The full filesystem-style path to the text file.

NAME

The name of the query result set to put the file's contents into. So if NAME="MyQuery", then you could use QUERY= "MyQuery" in a CFOUTPUT tag to display the records.

If you don't provide a NAME, no query will be created; however, the four variables listed below will still be set.  This allowsyou to "pre-scan" a file before processing it to see if it contains bad rows.

COLUMNS

If provided, a comma-separated list of column names. These will be the columns in the query result set named by the NAME parameter. If not provided, the column names will be read from the first line of the file.

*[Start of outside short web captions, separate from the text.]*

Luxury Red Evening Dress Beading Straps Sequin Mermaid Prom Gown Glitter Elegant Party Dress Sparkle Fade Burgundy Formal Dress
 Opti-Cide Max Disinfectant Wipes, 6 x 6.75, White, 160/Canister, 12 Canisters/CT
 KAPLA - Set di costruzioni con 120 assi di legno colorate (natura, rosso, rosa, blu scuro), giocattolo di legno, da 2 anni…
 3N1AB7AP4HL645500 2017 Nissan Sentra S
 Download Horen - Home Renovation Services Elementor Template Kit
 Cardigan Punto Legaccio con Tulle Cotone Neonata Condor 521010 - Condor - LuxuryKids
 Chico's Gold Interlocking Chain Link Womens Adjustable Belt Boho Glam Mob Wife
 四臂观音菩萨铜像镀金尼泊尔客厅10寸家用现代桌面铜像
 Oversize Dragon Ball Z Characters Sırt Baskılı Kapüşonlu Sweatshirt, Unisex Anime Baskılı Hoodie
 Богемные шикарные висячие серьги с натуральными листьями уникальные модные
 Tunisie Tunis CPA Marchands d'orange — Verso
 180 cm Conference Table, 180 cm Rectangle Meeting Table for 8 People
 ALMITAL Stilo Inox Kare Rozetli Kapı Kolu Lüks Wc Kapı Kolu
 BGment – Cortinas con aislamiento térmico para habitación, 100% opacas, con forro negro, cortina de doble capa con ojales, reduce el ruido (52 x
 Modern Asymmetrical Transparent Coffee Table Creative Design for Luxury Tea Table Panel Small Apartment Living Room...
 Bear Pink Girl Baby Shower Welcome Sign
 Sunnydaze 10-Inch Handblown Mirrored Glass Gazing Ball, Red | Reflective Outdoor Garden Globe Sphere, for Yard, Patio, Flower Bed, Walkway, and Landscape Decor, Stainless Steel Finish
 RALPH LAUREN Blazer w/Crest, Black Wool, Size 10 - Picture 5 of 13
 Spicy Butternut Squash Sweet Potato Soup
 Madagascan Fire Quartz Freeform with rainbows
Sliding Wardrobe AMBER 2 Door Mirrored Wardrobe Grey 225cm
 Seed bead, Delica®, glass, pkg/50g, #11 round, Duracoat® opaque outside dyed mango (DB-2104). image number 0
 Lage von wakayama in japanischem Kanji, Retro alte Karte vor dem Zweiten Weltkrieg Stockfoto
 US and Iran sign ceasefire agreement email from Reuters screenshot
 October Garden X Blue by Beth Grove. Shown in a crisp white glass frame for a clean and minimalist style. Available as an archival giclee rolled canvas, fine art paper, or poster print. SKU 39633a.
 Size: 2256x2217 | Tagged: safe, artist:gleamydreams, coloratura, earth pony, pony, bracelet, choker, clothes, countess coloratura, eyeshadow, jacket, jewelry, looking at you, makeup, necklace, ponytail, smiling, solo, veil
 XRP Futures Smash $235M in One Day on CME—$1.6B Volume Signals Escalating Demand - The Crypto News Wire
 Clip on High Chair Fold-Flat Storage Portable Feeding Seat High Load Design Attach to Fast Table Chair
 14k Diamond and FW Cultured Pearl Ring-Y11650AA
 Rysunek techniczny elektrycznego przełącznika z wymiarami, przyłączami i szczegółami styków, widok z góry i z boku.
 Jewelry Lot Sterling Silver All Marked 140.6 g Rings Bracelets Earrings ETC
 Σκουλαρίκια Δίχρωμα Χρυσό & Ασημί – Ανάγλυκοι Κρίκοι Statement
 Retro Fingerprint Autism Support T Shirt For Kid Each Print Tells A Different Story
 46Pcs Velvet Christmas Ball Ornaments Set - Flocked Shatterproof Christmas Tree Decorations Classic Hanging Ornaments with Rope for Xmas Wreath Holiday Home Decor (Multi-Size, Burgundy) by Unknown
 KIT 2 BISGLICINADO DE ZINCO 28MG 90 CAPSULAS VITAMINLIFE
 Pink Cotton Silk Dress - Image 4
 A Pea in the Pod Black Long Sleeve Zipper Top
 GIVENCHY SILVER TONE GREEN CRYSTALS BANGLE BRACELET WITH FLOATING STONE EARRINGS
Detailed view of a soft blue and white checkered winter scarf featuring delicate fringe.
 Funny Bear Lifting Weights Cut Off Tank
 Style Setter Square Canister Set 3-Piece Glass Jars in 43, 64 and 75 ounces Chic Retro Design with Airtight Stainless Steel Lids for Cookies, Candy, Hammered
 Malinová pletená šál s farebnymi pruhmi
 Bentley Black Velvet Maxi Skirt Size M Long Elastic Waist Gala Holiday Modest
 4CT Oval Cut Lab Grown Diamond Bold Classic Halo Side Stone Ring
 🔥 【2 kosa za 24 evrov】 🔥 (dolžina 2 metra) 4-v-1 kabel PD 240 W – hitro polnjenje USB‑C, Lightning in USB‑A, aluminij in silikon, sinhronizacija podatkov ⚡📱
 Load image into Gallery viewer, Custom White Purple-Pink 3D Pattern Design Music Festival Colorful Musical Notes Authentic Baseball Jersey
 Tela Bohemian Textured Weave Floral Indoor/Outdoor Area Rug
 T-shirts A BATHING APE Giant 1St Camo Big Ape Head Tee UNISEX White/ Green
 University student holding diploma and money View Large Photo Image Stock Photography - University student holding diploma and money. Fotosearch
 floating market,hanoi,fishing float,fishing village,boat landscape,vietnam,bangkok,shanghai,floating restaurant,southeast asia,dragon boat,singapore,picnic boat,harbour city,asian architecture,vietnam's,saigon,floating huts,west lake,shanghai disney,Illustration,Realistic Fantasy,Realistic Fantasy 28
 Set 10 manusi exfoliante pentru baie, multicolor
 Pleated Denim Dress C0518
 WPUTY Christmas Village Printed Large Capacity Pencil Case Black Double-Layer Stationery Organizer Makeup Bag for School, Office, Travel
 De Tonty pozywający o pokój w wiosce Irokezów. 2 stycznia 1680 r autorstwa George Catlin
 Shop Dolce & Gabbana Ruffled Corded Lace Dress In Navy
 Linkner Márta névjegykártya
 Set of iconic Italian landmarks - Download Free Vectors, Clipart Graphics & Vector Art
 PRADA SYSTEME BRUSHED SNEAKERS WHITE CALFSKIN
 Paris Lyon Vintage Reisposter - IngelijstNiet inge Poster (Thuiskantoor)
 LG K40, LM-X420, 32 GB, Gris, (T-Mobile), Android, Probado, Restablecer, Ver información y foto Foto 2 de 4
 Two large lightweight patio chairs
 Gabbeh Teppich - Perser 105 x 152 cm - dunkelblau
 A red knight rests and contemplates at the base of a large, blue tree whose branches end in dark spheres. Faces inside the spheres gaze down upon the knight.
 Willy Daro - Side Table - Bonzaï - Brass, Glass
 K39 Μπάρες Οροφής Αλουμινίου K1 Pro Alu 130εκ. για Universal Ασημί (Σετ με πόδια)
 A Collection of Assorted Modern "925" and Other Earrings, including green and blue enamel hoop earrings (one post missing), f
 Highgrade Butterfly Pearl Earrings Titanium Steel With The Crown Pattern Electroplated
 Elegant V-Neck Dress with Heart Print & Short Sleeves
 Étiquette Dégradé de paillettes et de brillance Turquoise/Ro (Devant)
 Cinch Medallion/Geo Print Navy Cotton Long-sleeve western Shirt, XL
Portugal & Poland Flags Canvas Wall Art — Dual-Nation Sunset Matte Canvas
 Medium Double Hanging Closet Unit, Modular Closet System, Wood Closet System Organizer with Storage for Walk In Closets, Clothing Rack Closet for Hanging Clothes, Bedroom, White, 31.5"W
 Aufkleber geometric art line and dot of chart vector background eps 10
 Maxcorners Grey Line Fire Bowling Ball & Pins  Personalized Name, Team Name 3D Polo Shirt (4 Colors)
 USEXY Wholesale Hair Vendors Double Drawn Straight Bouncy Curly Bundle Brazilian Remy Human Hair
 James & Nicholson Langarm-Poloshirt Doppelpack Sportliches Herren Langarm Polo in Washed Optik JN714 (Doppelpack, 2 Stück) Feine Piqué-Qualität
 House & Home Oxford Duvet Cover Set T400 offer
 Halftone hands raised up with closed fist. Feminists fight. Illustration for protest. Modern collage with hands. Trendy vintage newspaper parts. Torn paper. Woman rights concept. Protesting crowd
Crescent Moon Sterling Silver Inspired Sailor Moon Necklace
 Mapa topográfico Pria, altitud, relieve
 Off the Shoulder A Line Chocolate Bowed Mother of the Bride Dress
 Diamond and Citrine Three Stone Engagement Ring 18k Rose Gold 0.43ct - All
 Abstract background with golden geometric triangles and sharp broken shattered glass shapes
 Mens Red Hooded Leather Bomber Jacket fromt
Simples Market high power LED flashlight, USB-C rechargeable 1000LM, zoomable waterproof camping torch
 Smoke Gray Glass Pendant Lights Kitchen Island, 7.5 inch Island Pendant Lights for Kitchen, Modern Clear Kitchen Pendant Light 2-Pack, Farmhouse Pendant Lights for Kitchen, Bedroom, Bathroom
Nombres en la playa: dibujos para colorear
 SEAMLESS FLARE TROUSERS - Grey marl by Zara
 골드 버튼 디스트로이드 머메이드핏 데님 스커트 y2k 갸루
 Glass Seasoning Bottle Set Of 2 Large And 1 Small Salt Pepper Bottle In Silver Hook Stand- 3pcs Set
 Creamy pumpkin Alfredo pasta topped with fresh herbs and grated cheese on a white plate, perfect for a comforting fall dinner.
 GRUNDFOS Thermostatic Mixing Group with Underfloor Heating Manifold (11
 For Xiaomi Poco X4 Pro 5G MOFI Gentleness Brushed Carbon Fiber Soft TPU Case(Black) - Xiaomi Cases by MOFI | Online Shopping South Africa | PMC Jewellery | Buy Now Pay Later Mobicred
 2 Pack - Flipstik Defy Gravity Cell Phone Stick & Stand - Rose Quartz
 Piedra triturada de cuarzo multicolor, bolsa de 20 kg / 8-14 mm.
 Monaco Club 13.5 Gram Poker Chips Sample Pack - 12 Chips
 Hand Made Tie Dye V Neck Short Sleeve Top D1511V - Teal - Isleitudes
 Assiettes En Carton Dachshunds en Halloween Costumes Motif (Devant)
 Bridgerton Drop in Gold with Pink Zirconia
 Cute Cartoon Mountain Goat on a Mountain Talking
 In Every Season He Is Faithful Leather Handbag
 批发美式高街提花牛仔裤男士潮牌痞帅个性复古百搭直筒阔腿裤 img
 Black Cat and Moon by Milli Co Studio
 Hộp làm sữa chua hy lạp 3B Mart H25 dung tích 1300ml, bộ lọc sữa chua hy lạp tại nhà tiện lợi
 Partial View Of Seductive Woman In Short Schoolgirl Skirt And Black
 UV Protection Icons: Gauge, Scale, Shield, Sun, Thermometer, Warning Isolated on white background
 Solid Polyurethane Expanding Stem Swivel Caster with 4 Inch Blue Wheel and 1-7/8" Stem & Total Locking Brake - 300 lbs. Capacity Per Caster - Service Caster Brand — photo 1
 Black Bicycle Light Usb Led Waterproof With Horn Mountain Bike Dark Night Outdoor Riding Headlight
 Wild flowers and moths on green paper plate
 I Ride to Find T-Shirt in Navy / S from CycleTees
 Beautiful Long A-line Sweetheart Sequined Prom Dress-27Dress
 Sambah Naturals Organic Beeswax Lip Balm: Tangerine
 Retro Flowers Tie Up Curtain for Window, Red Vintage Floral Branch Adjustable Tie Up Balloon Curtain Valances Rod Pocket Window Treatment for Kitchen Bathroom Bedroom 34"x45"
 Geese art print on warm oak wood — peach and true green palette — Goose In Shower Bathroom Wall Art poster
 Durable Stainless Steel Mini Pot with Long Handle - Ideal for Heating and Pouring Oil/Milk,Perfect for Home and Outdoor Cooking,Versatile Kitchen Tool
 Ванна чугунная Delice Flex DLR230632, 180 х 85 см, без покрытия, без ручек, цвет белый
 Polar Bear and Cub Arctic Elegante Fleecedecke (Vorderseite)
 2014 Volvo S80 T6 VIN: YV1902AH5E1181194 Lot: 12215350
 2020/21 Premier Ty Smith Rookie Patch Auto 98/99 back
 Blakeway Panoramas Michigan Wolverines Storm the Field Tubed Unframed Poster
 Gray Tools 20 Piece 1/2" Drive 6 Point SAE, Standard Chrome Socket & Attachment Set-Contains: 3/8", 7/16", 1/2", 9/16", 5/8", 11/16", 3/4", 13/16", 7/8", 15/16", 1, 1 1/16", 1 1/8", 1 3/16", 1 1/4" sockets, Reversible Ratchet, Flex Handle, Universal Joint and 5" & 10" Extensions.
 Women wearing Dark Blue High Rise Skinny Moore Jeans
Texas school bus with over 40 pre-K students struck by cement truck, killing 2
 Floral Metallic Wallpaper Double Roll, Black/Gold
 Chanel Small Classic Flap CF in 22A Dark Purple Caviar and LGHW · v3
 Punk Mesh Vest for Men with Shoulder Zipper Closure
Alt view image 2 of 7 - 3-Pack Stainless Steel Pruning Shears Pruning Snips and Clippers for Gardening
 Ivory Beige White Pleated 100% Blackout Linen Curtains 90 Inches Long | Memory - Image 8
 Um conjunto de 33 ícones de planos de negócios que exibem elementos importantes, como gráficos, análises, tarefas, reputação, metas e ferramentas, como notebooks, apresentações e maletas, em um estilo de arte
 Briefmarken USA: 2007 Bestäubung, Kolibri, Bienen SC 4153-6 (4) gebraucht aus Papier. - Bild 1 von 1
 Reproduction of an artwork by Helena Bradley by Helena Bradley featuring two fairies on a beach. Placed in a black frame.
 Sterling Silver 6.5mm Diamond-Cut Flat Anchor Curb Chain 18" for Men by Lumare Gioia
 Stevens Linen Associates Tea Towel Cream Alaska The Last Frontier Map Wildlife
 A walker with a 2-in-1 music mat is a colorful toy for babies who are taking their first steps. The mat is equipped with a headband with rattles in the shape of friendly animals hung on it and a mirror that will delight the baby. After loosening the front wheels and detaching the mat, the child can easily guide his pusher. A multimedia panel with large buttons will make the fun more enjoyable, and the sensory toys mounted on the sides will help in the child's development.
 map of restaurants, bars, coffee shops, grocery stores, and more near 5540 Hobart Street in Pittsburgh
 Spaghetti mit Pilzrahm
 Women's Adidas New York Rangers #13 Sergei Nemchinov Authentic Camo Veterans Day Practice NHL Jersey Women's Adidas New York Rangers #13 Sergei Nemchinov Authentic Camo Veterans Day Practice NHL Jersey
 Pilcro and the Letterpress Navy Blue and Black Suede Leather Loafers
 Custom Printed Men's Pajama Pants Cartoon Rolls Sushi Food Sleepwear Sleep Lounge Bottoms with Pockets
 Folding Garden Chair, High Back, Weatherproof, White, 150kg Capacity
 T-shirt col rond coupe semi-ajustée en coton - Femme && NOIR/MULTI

The column names will be forced to be legal ColdFusion identifiers, by stripping illegal characters such as spaces, hyphens, etc., from the names. Column names that are made up of only illegal characters will be named with "COL" then the column number. If any column names start with numbers, "COL" will be prepended to the name to make it legal. If any column names are duplicated, underscores will be appended to the names to make them unique. So a file that has a first line like:

State,Sales,Sales This Month,1998,Q2,1999,Q2,$$$

would be treated as if it had been:

State,Sales,SalesThisMonth,COL1998,Q2,COL1999,Q2_,COL8
Of course, you can refer to the #MyQuery.ColumnList# variable to find out what the final list of column names was, just as you can with any query result set.

DELIMITER

The character to be used as the delimiter. Defaults to a comma.

TEXTQUALIFIER

The character to be used as the text qualifier. Defaults to a double-quote mark.

LONGROWSARE

GOOD or BAD. Defaults to GOOD.

As each line is reach from the file, the number of columns (fields) in the line is counted.

  • If the number of fields is the same as the number of columns specified in COLUMNS (or the first line of the file), the line is considered "good", and it is added to the query specified in NAME.
  • If the number of fields is less than the number of columns (that is, the line doesn't have enough data in it), the line is considered "bad", and the tag reacts according to how you set the ONBADROW parameter, below.
  • If the number of fields is more than the number of columns (that is, the line has too much data in it), the line is still considered "good" unless you specify LOWROWSARE= "BAD".

ONBADROW

ERROR, STOP, SKIP, or USEANYWAY. Defaults to ERROR.

Determines what the tag does if a "bad" row is found (see above for definition of a bad row). Note that no matter what this parameter is set to, the line number of the row in the text file is added to the list of bad row numbers in the #CSV_BadRows# variable that gets set by the tag automatically.

ERROR: All template execution stops and an error message is displayed. If you have previously defined a custom error template with the CFERROR tag, that will be used.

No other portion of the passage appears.